[Items listed in a dataset]
======
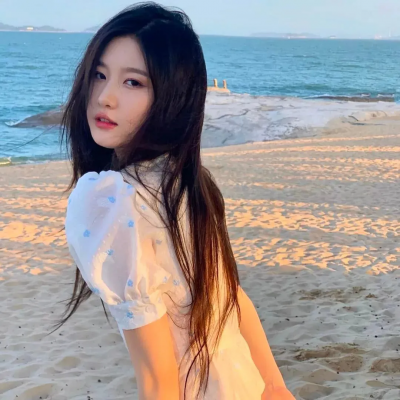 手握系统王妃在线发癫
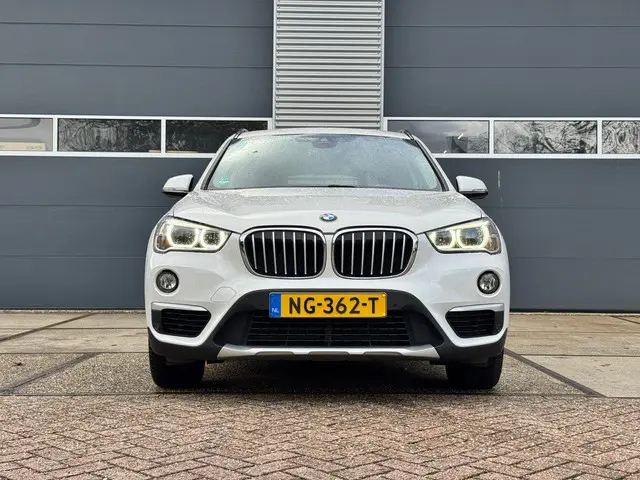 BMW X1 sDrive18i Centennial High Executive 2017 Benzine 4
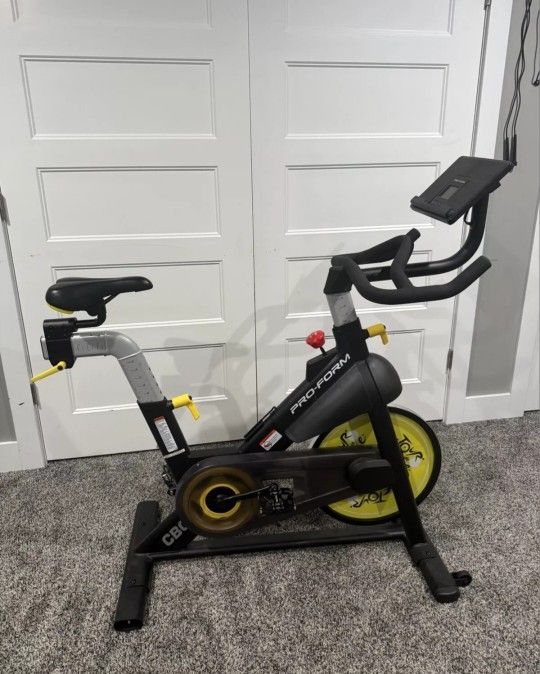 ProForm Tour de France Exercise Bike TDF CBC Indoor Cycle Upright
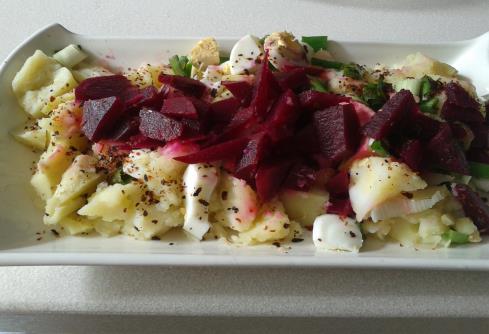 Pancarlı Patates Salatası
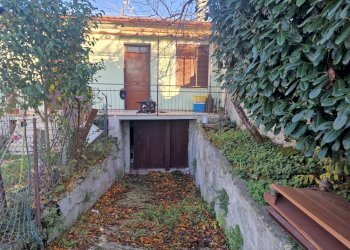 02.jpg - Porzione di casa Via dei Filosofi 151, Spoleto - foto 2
======
WORK TO BE COMPLETED
Give back each line above verbatim, dropping every picture.

ANSWER TO THIS PROBLEM
 手握系统王妃在线发癫
 BMW X1 sDrive18i Centennial High Executive 2017 Benzine 4
 ProForm Tour de France Exercise Bike TDF CBC Indoor Cycle Upright
 Pancarlı Patates Salatası
 02.jpg - Porzione di casa Via dei Filosofi 151, Spoleto - foto 2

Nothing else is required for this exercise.